Jauh sebelum UU Pengelolaan Zakat 1999 dicetuskan dan sistem pengelolaan zakat oleh lembaga-lembaga zakat kontemporer bermunculan, Kiai Sahal sudah menjadi pelopor penggerak pengembangan aset zakat atau yang lebih dikenal dengan zakat produktif.

Menurut Kiai Sahal, zakat menjadi salah satu instrument penting dalam pengentasan kemiskinan. Kata produktif secara bahasa berasal dari bahasa Inggris “productive” yang berarti banyak menghasilkan, memberikan banyak hasil, banyak menghasilkan barang-barang berharga, yang mempunyai hasil baik.

Dalam bukunya Nuansa Fikih Sosial, Kiai Sahal menyatakan perlunya model basic need approach (pendekatan kebutuhan dasar) bagi para mustahik sebagai bentuk aplikasi zakat produktif ini. Untuk mewujudkan itu semua, maka pembagian zakat harus ditatakelola dengan cara melembagakan zakat itu sendiri. Penataan ini juga menyangkut aspek managemen modern yang dapat diandalkan sehingga zakat menjadi kekuatan yang bermakna.

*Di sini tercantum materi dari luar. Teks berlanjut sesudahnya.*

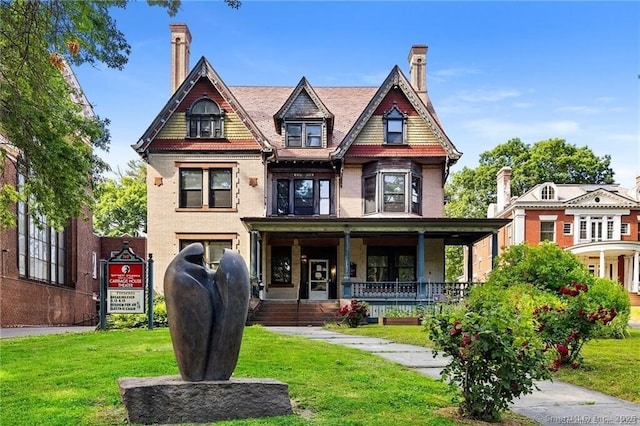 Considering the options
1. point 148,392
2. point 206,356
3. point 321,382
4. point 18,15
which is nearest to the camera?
point 148,392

Yang dimaksud Kiai Sahal tentang aspek managemen zakat yakni pendataan, pengumpulan, penyimpanan, pembagian, dan yang menyangkut kualitas manusianya. Semua hal ini mampu tercapai jika pengelolaan zakat direalisasikan ke dalam lembaga resmi, bukan individu atau perorangan yang tidak jelas kredibilitasnya. Model pengelolaan zakat melalui lembaga profesional tentu akan membawa zakat kepada fungsinya yang tepat sasaran dalam menyejahterakan umat.

Menurut Kiai Sahal, fakir miskin harus dilatih secara intensif supaya mempunyai kesadaran dalam membuka usaha dan mengelolanya secara professional. Kesadaran dari dalam harus ditumbuhkan terlebih dahulu supaya mampu menggunakan uang secara produktif. Pembinaan dan pelatihan ini harus dilakukan oleh tim ahli sehingga hasilnya sesuai dengan harapat dan target.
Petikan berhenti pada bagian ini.